Monday, March 2, 2015

Sausage Fest

Top of the Monday to ya.  I’m sitting here eating cucumber slices and hummus and preparing for a long day.  Last week Tuscaloosa got all caught up in a snow scare and classes were canceled on Wednesday.  I’m not complaining about the snow day because even though I had to do some lesson plan rearranging, it was nice to have a day off.  Even though the town was in a panic, it was only raining so I mustered up every bit of energy I had and made my way to the gym.  It wasn’t my smartest idea.  I guess I thought since the apocalypse hadn’t taken place that everything would be open.  I was wrong.  I was devastated to find out that the gym was closed.  Since it was gross outside I did a few crunches and pushups and called it a day.  I made some taco soup (that I will post soon) and to be honest, I was probably a little liberal with my serving sizes.  I maintained my exercise every other day but I just felt heavier at the end of the week.  Saturday night I made steak and stuffed peppers (I will also post these soon) and I also ate too much then and had a couple glasses of red wine.  I never strayed from the slow carb diet but I missed one day of exercise and went over in calories a little two days.  Because of this heinous crime, I was up .6 when I weighed on Sunday.  I’m irritated of course because I sure as heck don’t feel like it’s fair to gain weight when I’m still not eating cheese, bread, beer, rice, potatoes or you know, anything super fun.  It’s fine though.  Pending any potential tornadic/freezing rain disasters this week, I plan on hitting it hard every day and making sure I keep my calorie count down.  I want that half pound gone and I’d like maybe a little more loss as well.  On a positive note I managed to lose 1.4" so I'm down a total of 15 pounds, 12" since January 5th.  I have a couple more pounds to lose to completely get rid of the holiday weight and 22.7 to go before my birthday in May.

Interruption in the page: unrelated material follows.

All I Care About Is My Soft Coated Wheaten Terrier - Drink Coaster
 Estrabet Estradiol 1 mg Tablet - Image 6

I'm just gonna keep on keeping on.





I don’t follow the Paleo diet but there are multiple similarities with Slow Carb.  I know someone who is on the Paleo diet and she posts lots of interesting recipes.  She made a stuffed portabella mushroom with pizza ingredients and it inspired me to make my own version of a stuffed mushroom.  I got a large portabella and scraped the inside of it out.  I put it in the oven with some olive oil spray on low heat while I prepared the stuffing because I like my mushrooms cooked all the way through.  I sautéed turkey sausage, turkey pepperoni, kalamata olives, sun dried tomatoes, onions and peppers together.  Once they were all done I simply stuffed the ingredients into the mushroom and then baked it for a few minutes.  When it got out I topped it with some roasted red pepper hummus.  I know not everyone is a fan of mushrooms but I highly recommend them.  They are meaty and filling and you can stuff the large ones with pretty much any ingredients that you want.  This was totally delicious.

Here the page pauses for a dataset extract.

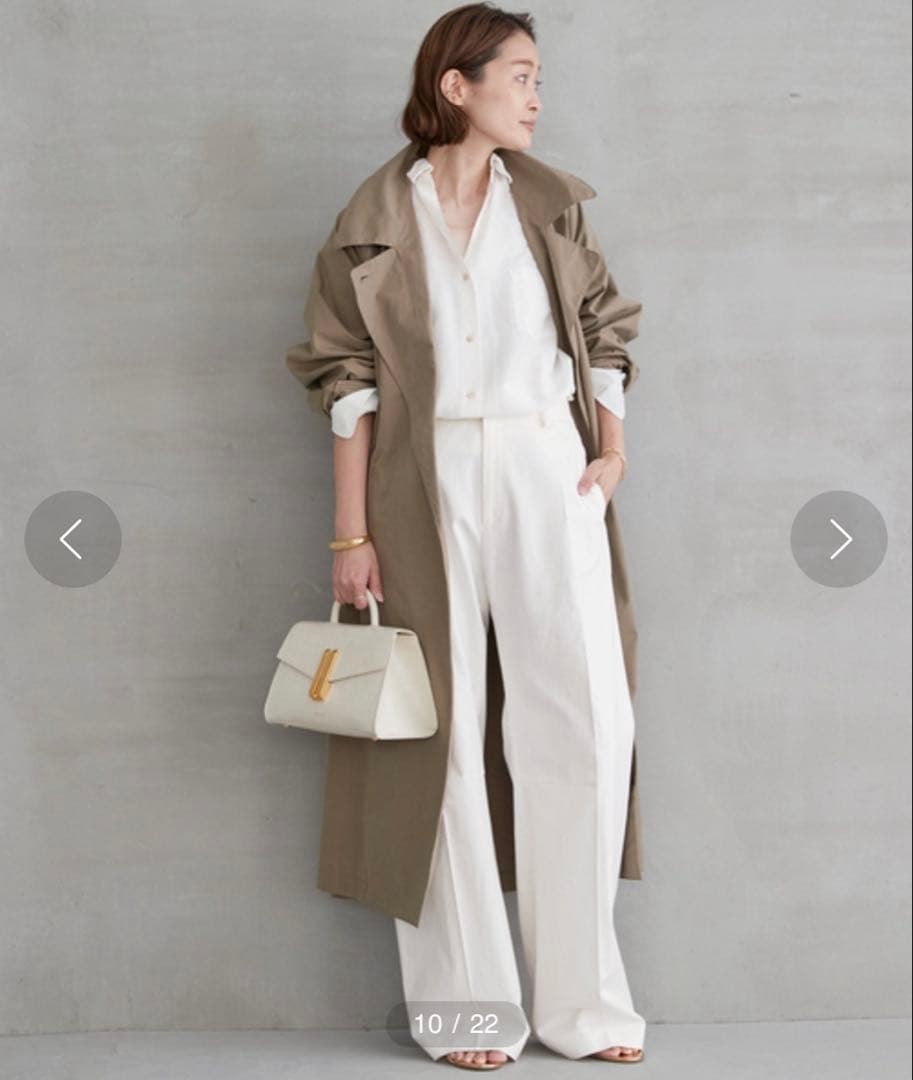 試着のみ Deuxieme Classe TUCK CHINO ワイドパンツ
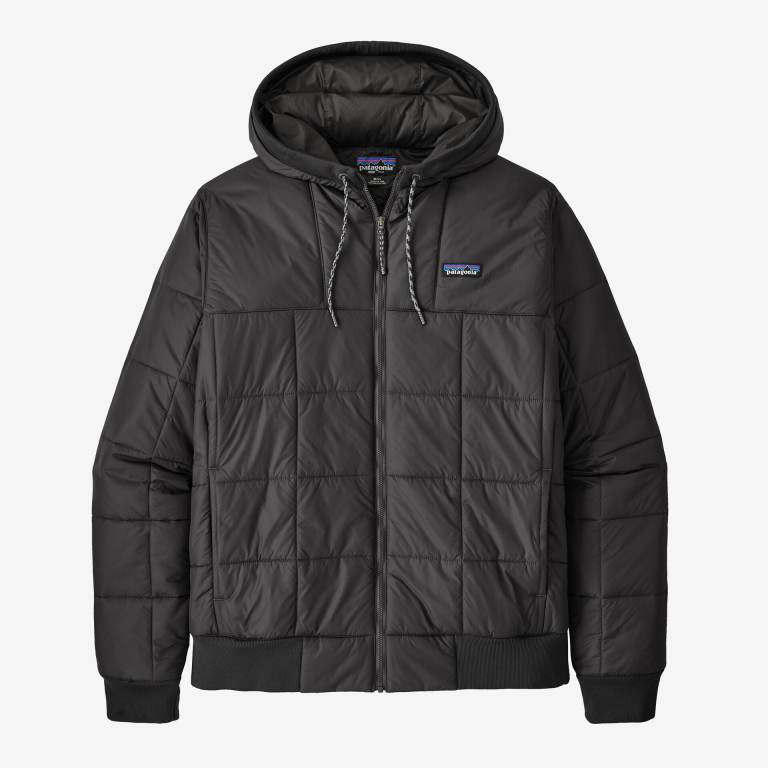 Sudadera Con Capucha Patagonia Box Acolchado Windproof Hombre Negros | 5fTUeOTL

I know me saying how much I love sausage prompts some of my friends and family to giggle because we are all so immature but I’m honestly not sure how else to say it.  I love sausage.  I have been making a lot of smoked turkey sausage.  You can have quite a bit and it’s fairly lean and low in calories.  I’ve just been buying the Oscar Mayer Turkey Smoked Sausage and it’s delicious. I added a little chili powder to give it more of a kick. It’s one of those no-brainer dinners because if you throw it with some asparagus, you’re getting a hearty meal in less than 10-15 minutes.


I would say the food I crave the most is Mexican.  I am a lover of cheese, rice and chips.  Unfortunately, none of those things are allowed on my diet so lately I’ve been pretending I’m at a Mexican joint by serving myself fajitas in a sizzling skillet (chicken, onions, mushrooms, bacon, etc) and then for my condiment plate I pile up black beans, salsa, guacamole and giant lettuce leaves that I use for “tortillas.”  There’s something about making it look more like the dish you want that helps a little.  Nothing can replace cheese, sour cream or tortillas but these fajitas packed a punch and served as a tasty substitute.

That's all for this week! I hope you all have a great, weather-safe week!  To anyone who reads this participating in the Tuscaloosa Half Marathon on Saturday, BEST OF LUCK!  I couldn't bring myself to do it again.

I'm looking forward to a productive and fun week! Bye!